Um das Gesetz durchzubringen und dementsprechend die Verfassung zu ändern, ist eine Zweidrittelmehrheit notwendig. Nach der faschistischen Partei der Nationalistischen Bewegung (MHP) hat auch Kemal Kilicdaroglu, der Vorsitzende der kemalistisch-sozialdemokratischen Republikanischen  Volkspartei (CHP), Unterstützung zugesichert. Die CHP stellt die stärkste Oppositionsfraktion im türkischen Parlament.
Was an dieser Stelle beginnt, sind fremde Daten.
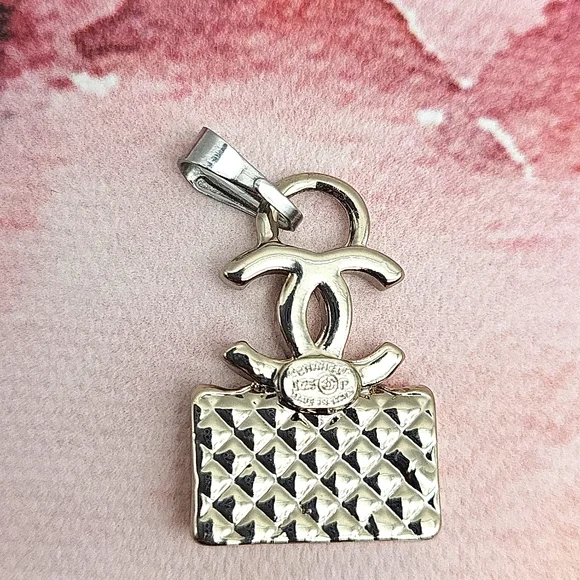 Luxury Charm/Zipper Pull - Picture 4 of 6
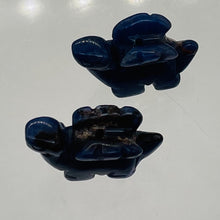 Load image into Gallery viewer, 2 Sodalite Dinosaur Stegosaurus Animal Beads | 21x11x8mm | Blue White
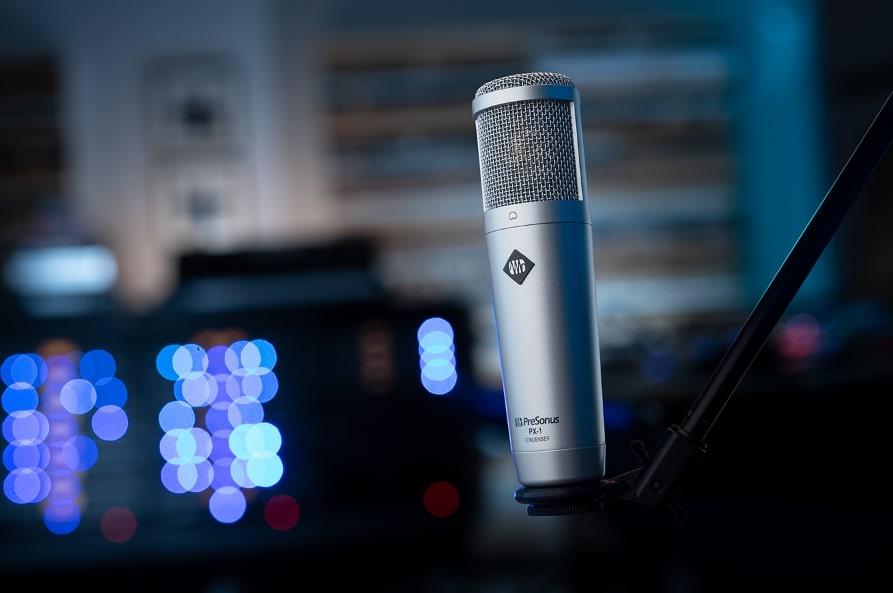 Dynamic vs Condenser Microphones Hollyland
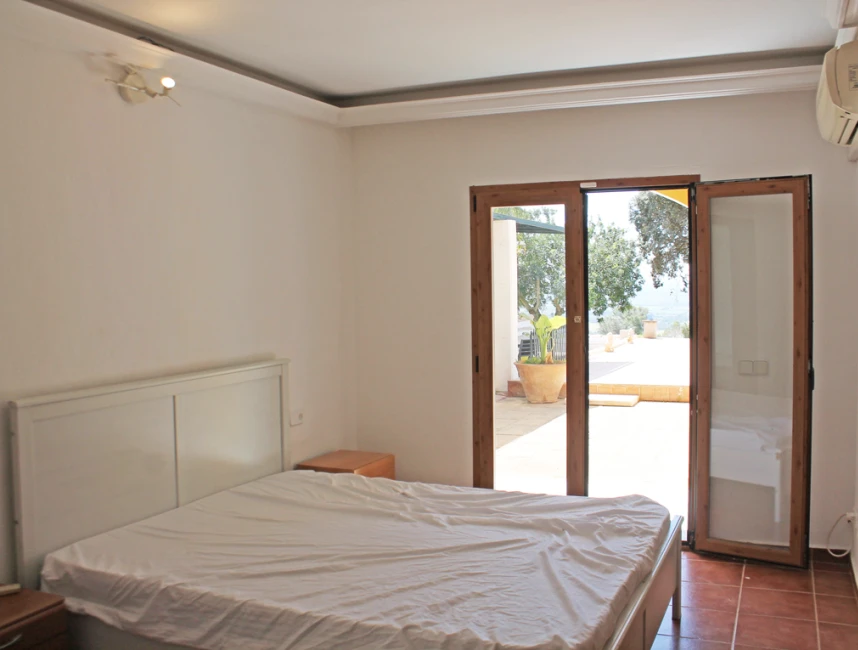 Familyhome in great location with guesthouse-10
Kilicdaroglu gestand dabei offen ein, dass »das Gesetz ein Verstoß gegen die Verfassung ist«. Dass er sich dennoch dafür aussprach, ist wohl der Sorge geschuldet, ansonsten in die Ecke der vermeintlichen Terroristenunterstützer gestellt zu werden.

Allerdings haben acht CHP-Abgeordnete, darunter Parteivize Sezgin Tanrikulu, Widerstand gegen den Gesetzentwurf angekündigt. Da die Abstimmung geheim sein wird, ist sogar von einer größeren Zahl von Neinstimmen aus den Reihen der CHP auszugehen. Denn auch gegen 51 CHP-Abgeordnete laufen nach Informationen der regierungsnahen Tageszeitung /Daily Sabah/ Ermittlungsverfahren. So hatte Erdogan erst vor wenigen Tagen persönlich Klage gegen CHP-Chef Kilicdaroglu wegen Beleidigung eingereicht. Es besteht zudem die Sorge, dass sich Erdogan des Gesetzes bedienen könnte, um gegebenenfalls gegen unliebsame Abgeordnete aller Fraktionen vorzugehen.
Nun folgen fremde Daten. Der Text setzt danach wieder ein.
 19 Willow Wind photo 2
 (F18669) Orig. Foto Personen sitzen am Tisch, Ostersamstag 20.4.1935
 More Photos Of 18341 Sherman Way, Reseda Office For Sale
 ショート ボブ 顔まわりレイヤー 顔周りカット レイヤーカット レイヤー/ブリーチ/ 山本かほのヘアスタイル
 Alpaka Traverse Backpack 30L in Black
Sollten sämtliche Abgeordneten von AKP und MHP für den Antrag stimmen, bräuchte die Regierung zwar nur zwölf zusätzliche Stimmen der CHP. Fraglich ist jedoch, ob sie in geheimer Abstimmung auf alle AKP-Abgeordneten zählen kann. Denn einigen von ihnen könnte aufgrund laufender Ermittlungen, etwa wegen Korruption, selbst der Entzug ihrer Immunität drohen. Viele Abgeordnete würden derzeit beim Verfassungskomitee des Parlaments nachfragen, ob Verfahren gegen sie liefen, meldete die /Daily Sabah/.
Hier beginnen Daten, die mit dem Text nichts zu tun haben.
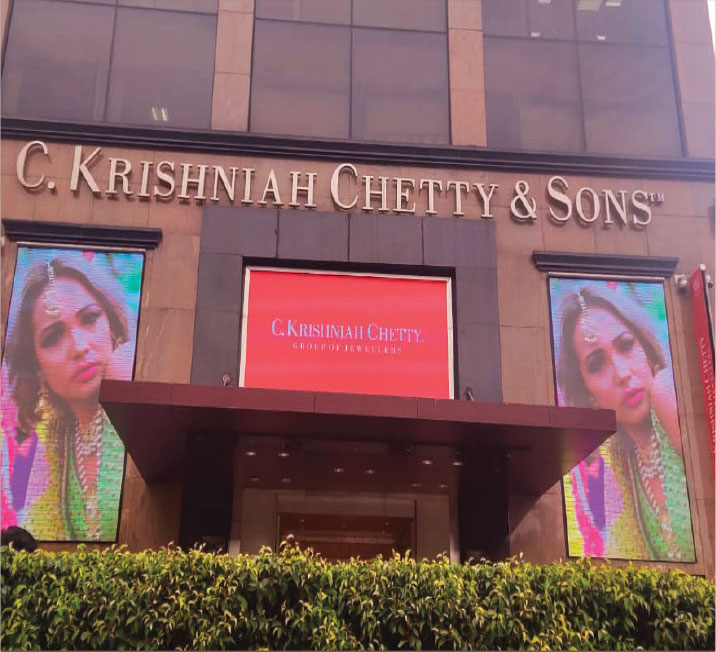 outdoor advertising display UAE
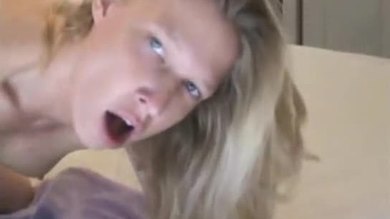 Fille sexy qui se baise le cul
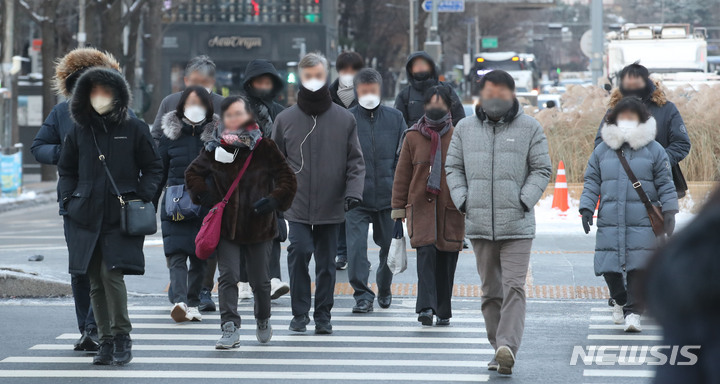 [서울=뉴시스] 권창회 기자 = 지난16일 오전 서울 종로구 광화문 사거리에서 시민들이 두꺼운 옷차림으로 출근하고 있다. 2022.12.16. kch0523@newsis.com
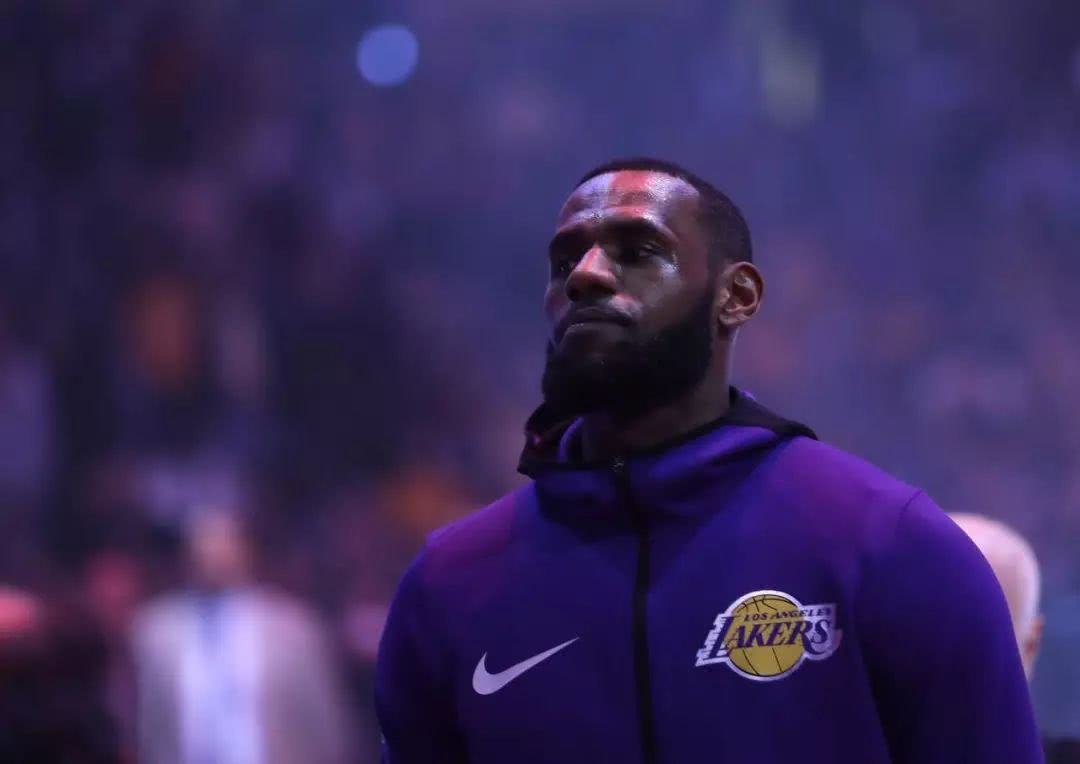 翻修球场，“连滚带爬”为的是“从从容容”（球场翻新，眼下忙乱只为将来从容）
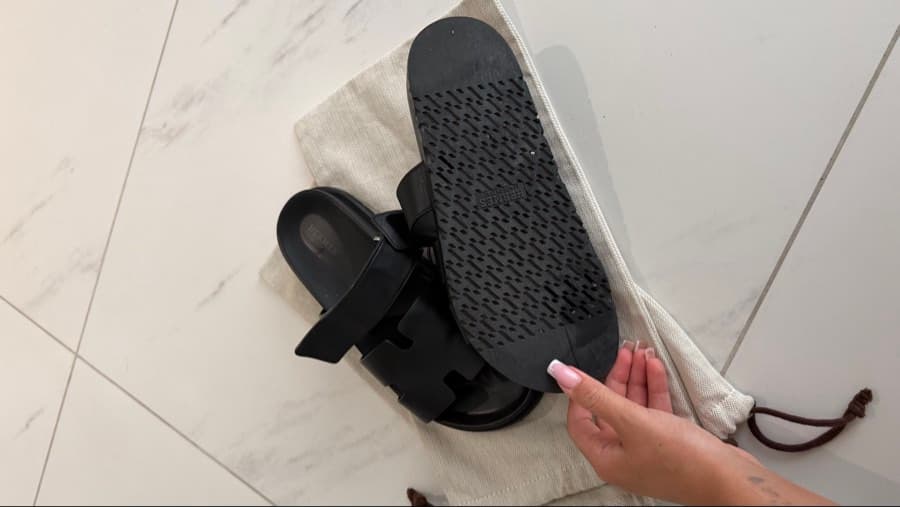 Hermès Black Leather Sandals thumbnail 7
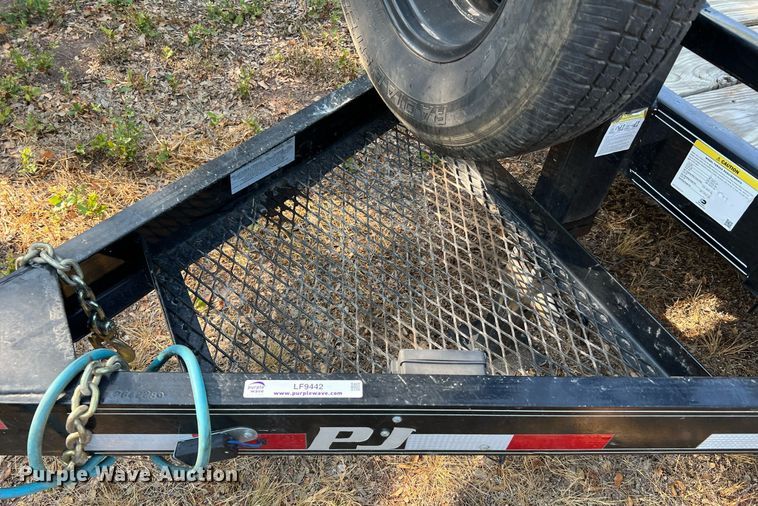 image for item LF9442 2022 PJ  utility trailer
Die HDP bezeichnete den AKP-Antrag in einer schriftlichen Erklärung alsTeil eines »seit dem 7. Juni 2015 voranschreitenden Staatsstreich des Palastes«. Gemeint ist die damalige Nichtanerkennung des Wahlergebnisses der Parlamentswahl durch Erdogan. Die AKP hatte dabei die für eine Alleinregierung notwendige Mehrheit nicht erreicht, woraufhin der Präsident Neuwahlen anordnete. Die Grenzen der Gewaltenteilung würden immer weiter verwischt – bis zur Liquidierung des Parlaments, warnte die HDP. »Sollte die Verfassung in der von der AKP vorgesehenen Weise geändert werden, dann wäre das ein Wendepunkt für die Türkei«, heißt es weiter.

Das Vorgehen der Regierung erinnert an den 2. März 1994, als sechs Abgeordneten der kurdischen Demokratiepartei (DEP) die Immunität entzogen wurde. Die Mandatsträger, darunter Leyla Zana, Ahmet Türk und Hatip Dicle, wurden im Parlament verhaftet und anschließend zu langjährigen Haftstrafen wegen angeblicher Unterstützung der Arbeiterpartei Kurdistans PKK verurteilt.